Comment les hindous expliquent-ils le samsāra? Selon la Bhagavad-Gītā, “à l’instant de la mort, l’âme revêt un corps nouveau, l’ancien devenu inutile, de même qu’on se défait de vêtements usés pour en revêtir de neufs”. Le Garuḍa-Purāṇa explique que “ce sont les œuvres accomplies par l’individu durant sa vie qui déterminent la nature de son organisme dans la vie suivante. (...) Un homme reçoit la vie qui lui est destinée, et même un dieu ne peut rien y changer”. Prenant un exemple, le Markandeya-Purāna cite les propos suivants d’une personne: “Je suis né brahmane, kshatriya, vaiçya et sūdra, puis de nouveau animal, ver, cerf et oiseau.”
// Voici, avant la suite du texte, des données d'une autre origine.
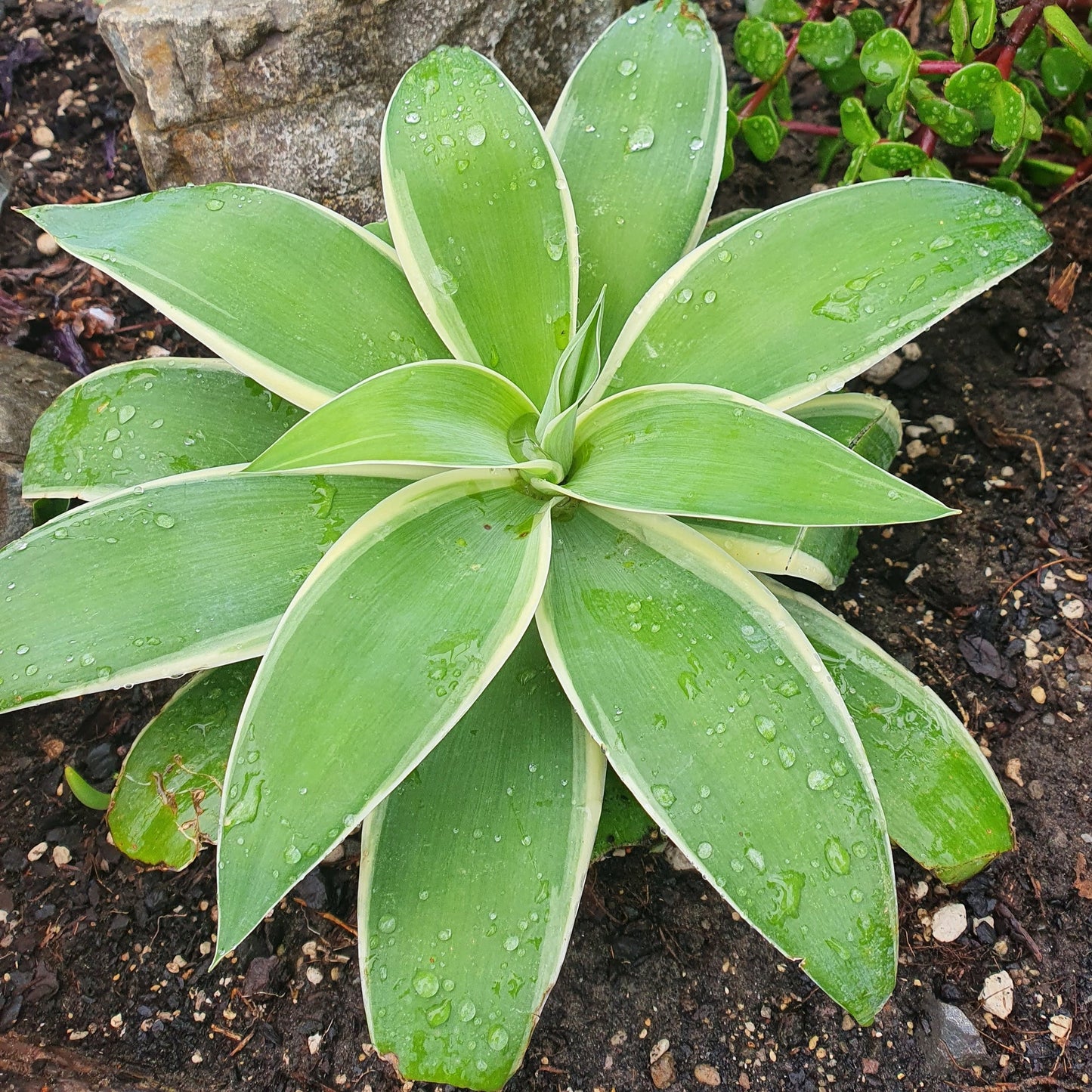 Agave Attenuata | Ray of Light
Les vaches sont-elles des animaux sacrés pour les hindous? Aussi bien d’après le Rig-Veda que l’Avesta, les vaches sont des “êtres que l’on ne doit pas tuer”. Apparemment, cette interdiction a pour fondement la thèse de l’ahimsâ plutôt que la croyance en la réincarnation. Néanmoins, le Markandeya-Purāna souligne la gravité de la désobéissance à cette loi, disant que “celui qui tue une vache renaît trois fois de suite en enfer”.
Comment les hindous considèrent-ils le Gange? “Les saints, qui sont purifiés par un bain dans les eaux de ce fleuve, et dont les esprits sont voués à Keśava [Vishnu], obtiennent la libération finale. Qu’on en entende parler, qu’on le désire, le voie, le touche, le chante ou qu’on s’y baigne, jour après jour le fleuve sacré purifie tous les êtres. En s’écriant ‘Gangâ, Gangâ’, même ceux qui habitent à cent yoyanas [1 400 kilomètres] sont affranchis des péchés commis durant leurs trois existences antérieures.” — Le Vishnu-Purāna.
Qui sont les dévots de Krishna? Ce sont les membres de l’Association internationale pour la conscience de Krishna, une forme missionnaire de l’hindouisme. Swami A. C. Bhaktivedanta Prabhupada, son fondateur aujourd’hui décédé, fit connaître son message aux États-Unis en 1965. Sa philosophie, qui comporte certains éléments de l’ascétisme hindou, est centrée sur le culte du dieu Krishna. Elle accorde une grande importance à la psalmodie du mantra Hare Krishna. Bhaktivedanta considérait que la simple récitation du nom de Dieu suffit pour gagner le salut.